At the height of the recession, how did Harman know Balsam would pull through? “I had naïve founder confidence,” he says. He also believed in his signature product, lifelike fake trees he designed himself based on real tree varieties like Norway Spruce. Instead of less expensive faux trees whose greenery is made of shredded plastic, Balsam trees have polyethylene spikes that surround hand-painted plastic stems. Most models can fold into a bag for storage. One of its most popular, a 7.5-foot Noble Fir with LED lights, sells for $1,249.
In his first year, working alone, he had logged $2.9 million in sales and Balsam was profitable. The following year he spent hundreds of thousands of dollars on marketing experiments like running print ads in the New York Times, sending his balance sheet into the red. Year three was supposed to be Balsam’s turnaround. But even though the 2008 losses were a blow, sales didn’t plummet as much as he had feared, dropping $200,000 from revenue of $6.5 million in 2007.

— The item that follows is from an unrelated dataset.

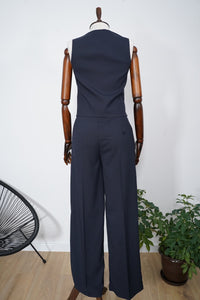 Тъмносин елегантен комплект с панталон, елек и сако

In 2009, sales surged to $8.4 million and Balsam has kept growing from there. Four of the staffers who kept their jobs that year still work at the company, including the chief operating officer and chief marketing officer and the headcount has since ballooned to 220 across five offices, including a 100-staff outpost in the Philippines. Harman is expecting 2018 revenue of $150 million. “I knew in 2009 that we had a great team of people and if we worked really hard and really smart,” he says, “we’d figure out how to make it.”